【目次】
実家を処分する流れについて知りたいと悩んでいませんか?
この記事では「実家を処分する流れ」について紹介します。
他にも「実家を処分するための準備」や「実家の処分で後悔しないための注意点」についても解説していきます。
ぜひこの記事を参考にして、実家を処分する流れを把握してみてください。
実家を処分する流れ
実家を処分するには、処分するプロセスをしっかり理解することが重要です。
実際に、実家の処分には、必要な書類の準備や不動産会社との連絡など、思った以上に多くの手間や時間がかかってしまうので、事前に全体の流れや必要な期間を把握しておくことが重要です。

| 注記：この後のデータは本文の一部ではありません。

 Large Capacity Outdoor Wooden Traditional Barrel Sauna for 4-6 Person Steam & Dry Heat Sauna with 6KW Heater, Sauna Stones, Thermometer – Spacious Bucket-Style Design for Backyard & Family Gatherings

具体的に、実家を処分する流れについては、以下が挙げられます。
遺言書の確認
遺産分割
実家の名義変更
遺品整理
実家の査定依頼
不動産と仲介契約
買主と売買契約
引き渡し
それぞれの流れについて解説していきます。
遺言書の確認
被相続人が亡くなった際には、まずは遺言書の存在を確認することが重要です。
遺言書がある場合は、その内容に従って相続がおこなわれます。
しかし、2020年7月以降に法務局で保管されている自筆証書遺言以外の遺言書は、家庭裁判所の検認が必要になり、検認手続きは時間がかかるため、なるべく早くおこなうようにしましょう。
遺言書がない場合については、、相続人同士で遺産分割協議を開き、実家の相続人を決定します。

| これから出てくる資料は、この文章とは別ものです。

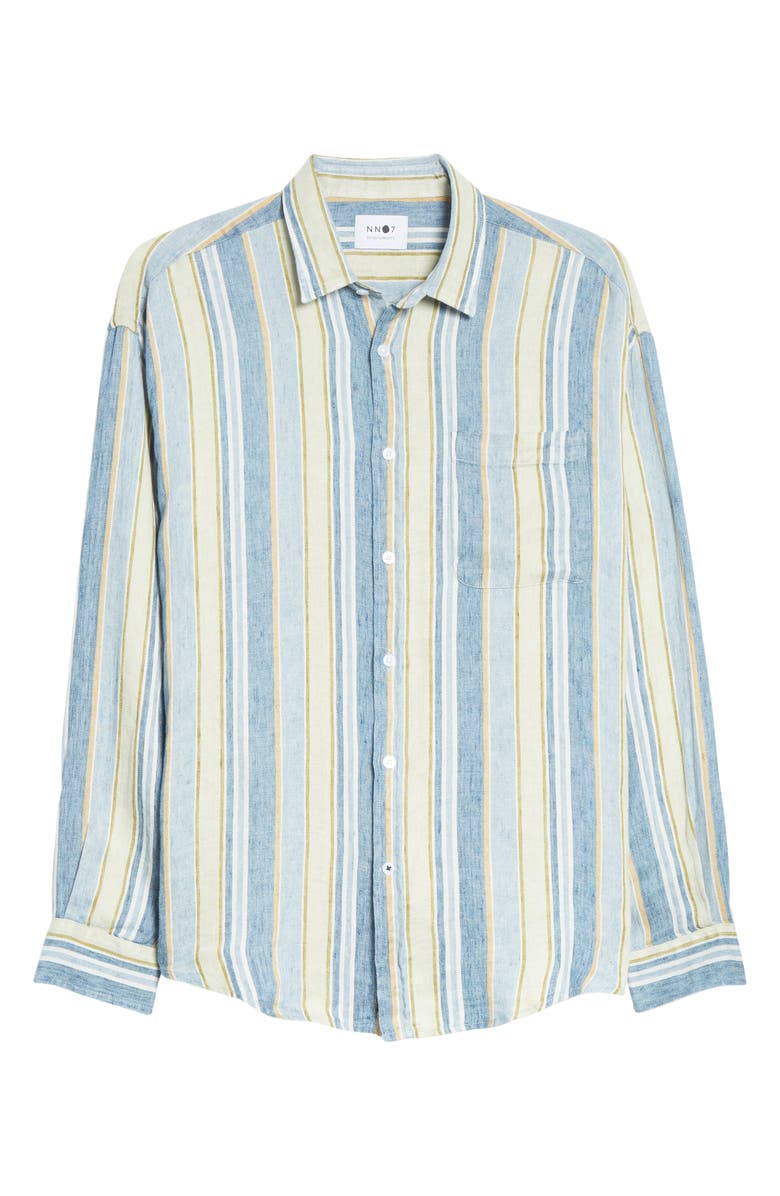 NN07 Deon 5196 Slim Fit Stripe Button-Up Linen Shirt, Main, color,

また、遺産分割協議は、遺言書があっても相続人全員が協議することに同意すれば、おこなうことが可能です。
このように、家の処分をおこなう際には、まず遺言書の確認をしましょう。
遺産分割
遺言書が存在しない場合、相続財産の分配方法は、遺産分割協議を通じて決定する必要があります。
複数の相続人がいるケースだと、遺産分割協議書を作成する必要があります。
遺産分割協議書は、相続人全員が遺産の分配について合意した内容を文書化したもので、特定の用紙を使用する必要はなく自由な形式で作成できます。
しかし、誰がどの財産を取得するのかを明記し、全相続人の署名と捺印が必要で、不動産の名義変更や銀行から被相続人の預金を引き出す際に提出を求められることもあります。
実家の名義変更
不動産を相続した際に、必ずおこなわなければならない手続きの一つとして、名義変更があげられます。
名義変更の手続きは、対象となる不動産の所在地を管轄する法務局でおこない、名義変更をしなければ、相続した家を売却することができません。
また、2024年4月から新しい規則が施行され、相続によって不動産を取得した相続人は、「その所有権を取得したことを知った日から3年以内に相続登記を申請する」義務が課せられています。
このように、実家の処分を希望する場合、名義変更をしなければ処分はできないので、実家の名義変更は必ずおこなうようにしましょう。
遺品整理
実家を処分する際には、基本的に家の中を全て片付ける必要があるので、名義変更の手続きと同時に、遺品の整理や家財の処分を進めましょう。
家に残された物は、必要な物と不要な物に分け、不要な物は処分するのをおすすめします。
また、家の解体を依頼する場合、家の中に家電や家具が残っていると費用が増えてしまうので、できるだけ自分で片付けておくことをおすすめします。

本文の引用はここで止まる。